Well, one of the areas that has been covered quite well with regard to Taroko National Park on the internet are its hiking trails. So, when planning a trip to the area, its important to do some research beforehand so you can decide which hiking experience will be best for you. Likewise, one of the things that you’ll want to keep in mind is that the environment at Taroko can sometimes be a little unstable due to earthquakes, typhoons and erosion, so if you’re planning a hike, you might be sorely disappointed when you arrive and find out that the trail is closed for repairs.
Fortunately, the Taroko National Park website is an excellent resource that provides frequently updated information (in both Chinese and English) about the trails and should be able to prevent you from the disappointment of finding a ‘Trail Closed’ sign when you arrive at the park.
Link: Taroko National Park Trails (太魯閣國家公園步道列表) - English | 中文
Sadly, one of the areas where the English-language information is lacking is with regard to the parks six official trail ‘difficulty levels’, which are actually very important for anyone wanting to visit.
Below, I’ll explain each of the levels, what you’ll need for the hikes, and list each of the trails within that particular difficulty level so that you’ll better understand what you’ll need to visit.
I’ll also provide links to the official Taroko National Park English and Chinese language pages about each of the trails where you can find out real-time info about their condition and whether or not they’re currently open and if trail requires hikers apply for a permit before entering, I’ll add a star next to them.

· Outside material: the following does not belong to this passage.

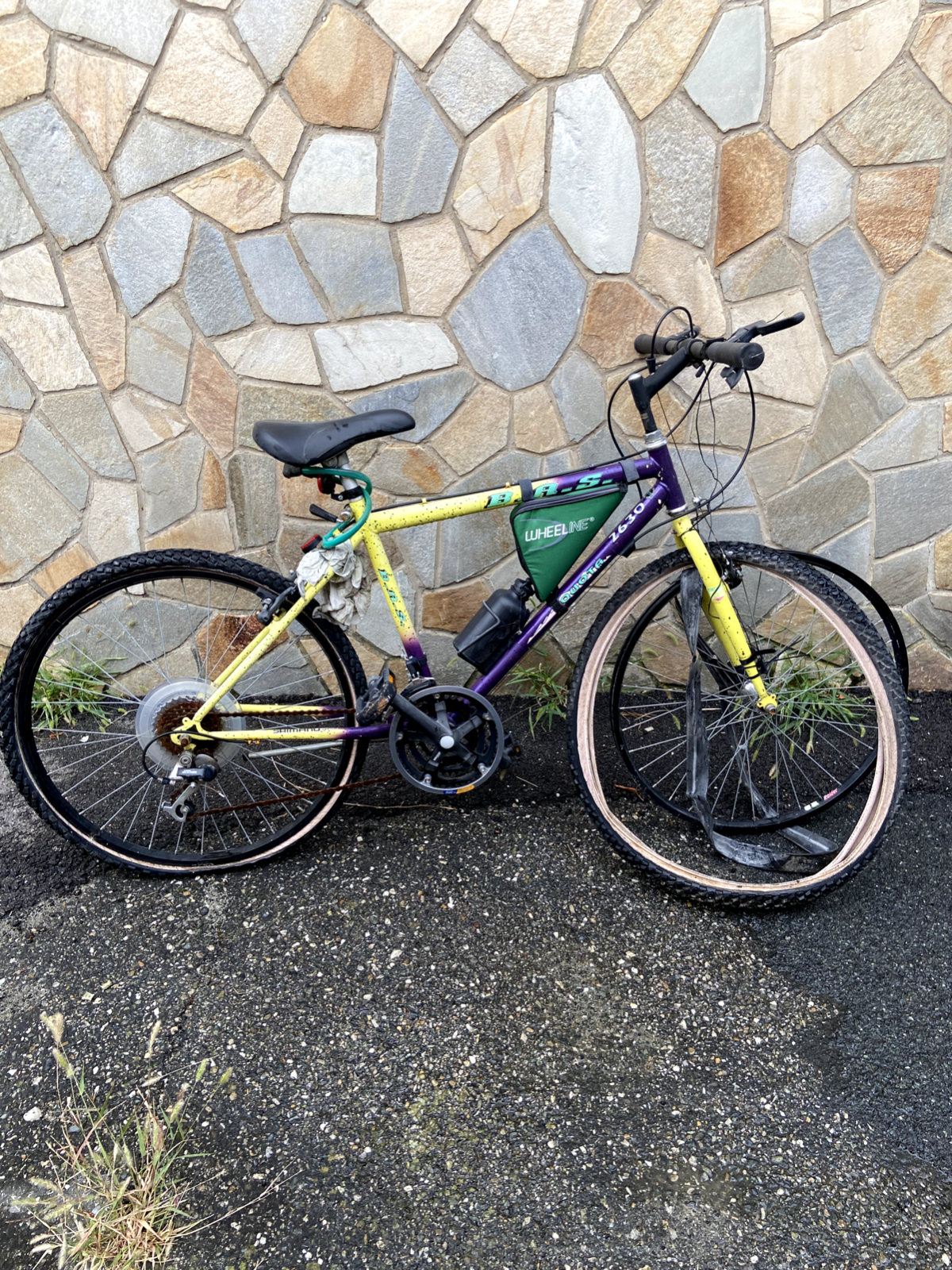 Bicicletta B.A.S. quota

If the trail does require a permit before hiking, you can easily visit the Taroko National Park Headquarters, Tianxiang police station, or apply on the Taroko National Park Website.

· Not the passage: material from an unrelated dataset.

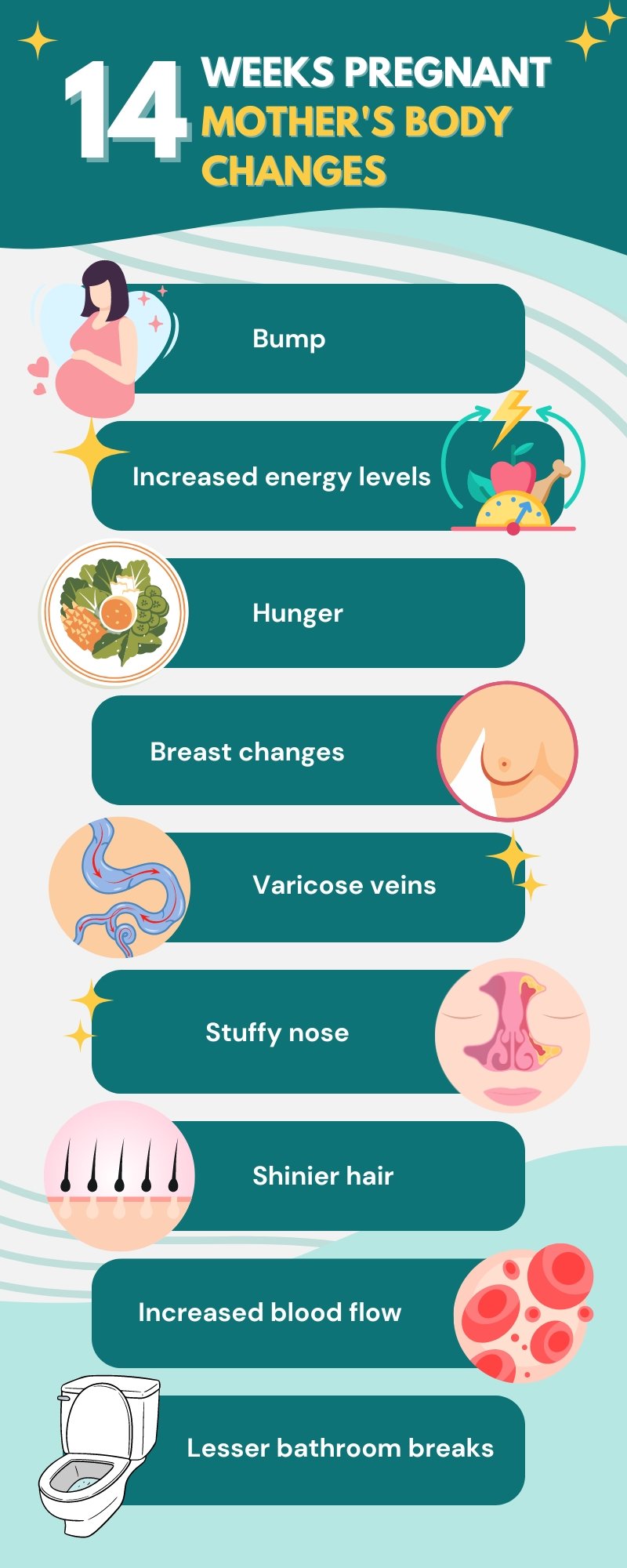 14 weeks pregnant - Mother's body changes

Link: Trails, Campgrounds and Bed Availability (Taiwan’s National Parks)
Note: There are some discrepancies within the official literature with regard to the level of difficulty of some of the trails between the English-language and Chinese-language lists. I’ve gone ahead and used the Chinese-language list as it is very likely the most accurate and should ensure that you don’t come across any unexpected issues.
Level 0 (第0級)
Description: The easiest of the trails within the park, mostly flat and well maintained. open for all ages and also wheelchair and baby carriage accessible.
Requirements: Water, rain gear, cellphone
Level 1 (第1級)
Description: Well-maintained trails with adequate signage available for hikers. These trails generally aren’t very steep, and can be completed within several hours. Open for hikers of all levels of experience.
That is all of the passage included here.